In a large stock pot, cover the cubed potatoes with water to about 1 inch above them. Bring to a boil. Boil for 12-15 minutes or until the potatoes break easily with a fork. Drain carefully. To speed up the process of waiting for the potatoes to cool, I put the cooked potatoes in a strainer, refill the pot with COLD water and add lots of ice cubes, and then set the strainer of potatoes back into the water to chill quickly. Using hot potatoes or eggs in a recipe that includes mayo is a sure fire way to "cook" the mayo and ruin the dish. Chilled is best.

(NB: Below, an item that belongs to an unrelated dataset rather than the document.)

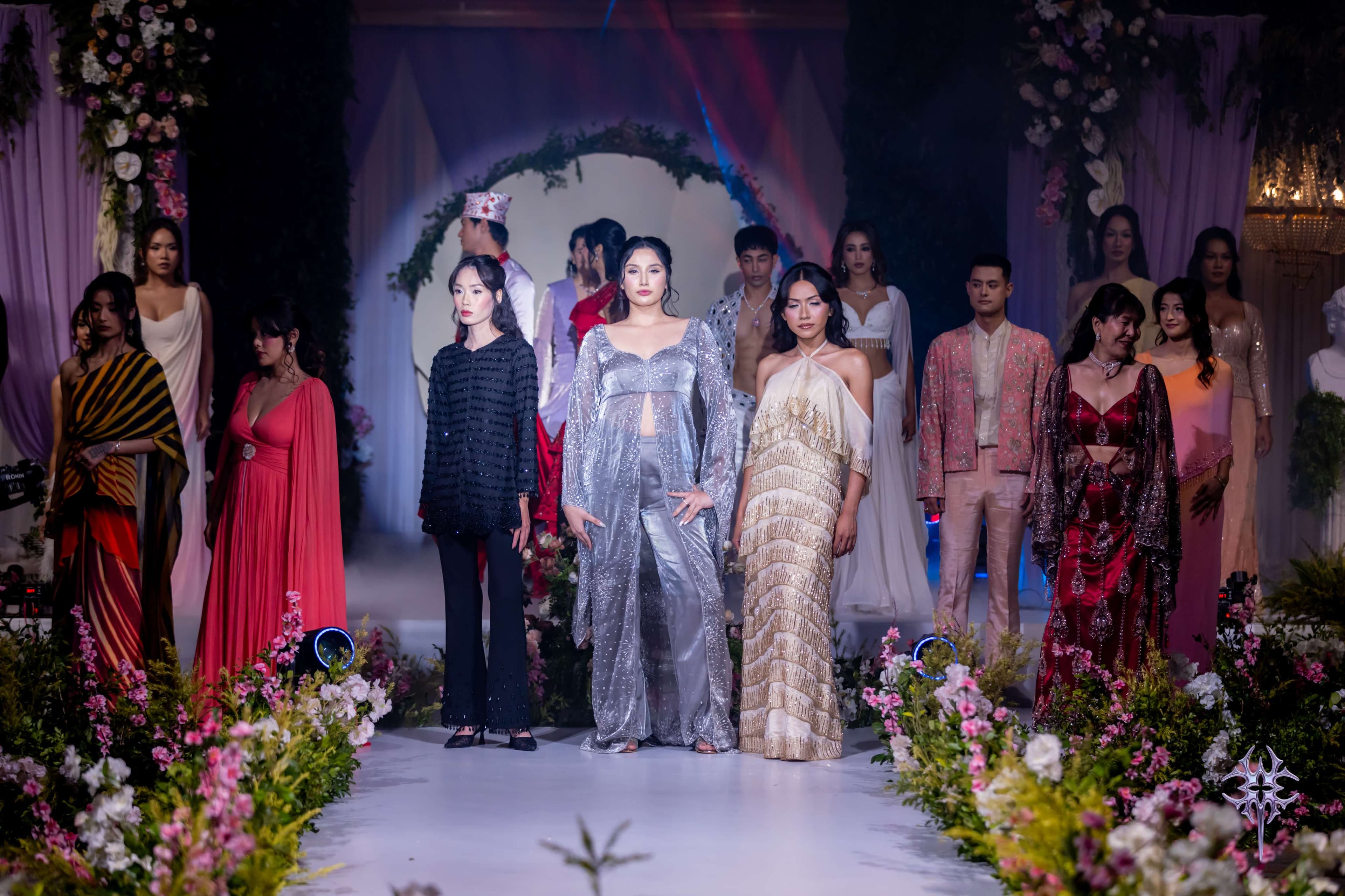 The full Asteria cast at the runway finale — sequined, embroidered and draped looks lining a flower-framed aisle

While I am waiting on the potatoes to cool, I cut up my onions, pickles, and 5 of the 6 boiled egss. Once the potatoes are cooled, I dump them into a large mixing bowl (or sometimes I just use the same pot that I boiled them in). Using a hand potato masher, I mash some, about a third of the potatoes. This will make the salad a little smoother while still providing a nice balanced amount of cubed potatoes. Add in the mayo and mustard, mix well by hand. A nice large wooden spoon works best for me. Add in the remaining ingredients and mix well. Once blended well, spoon the completed salad into a large bowl. Using an egg slicer, I make thin slices of the remaining boiled egg. Top the completed salad with these and lightly sprinkle with paprika for garnish. Allow to chill for two hours (overnight is best).....Serve and enjoy!!! Thanks again and I hope you enjoy the potato salad. I know I sure do.....I had some over the weekend with some BBQ ribs!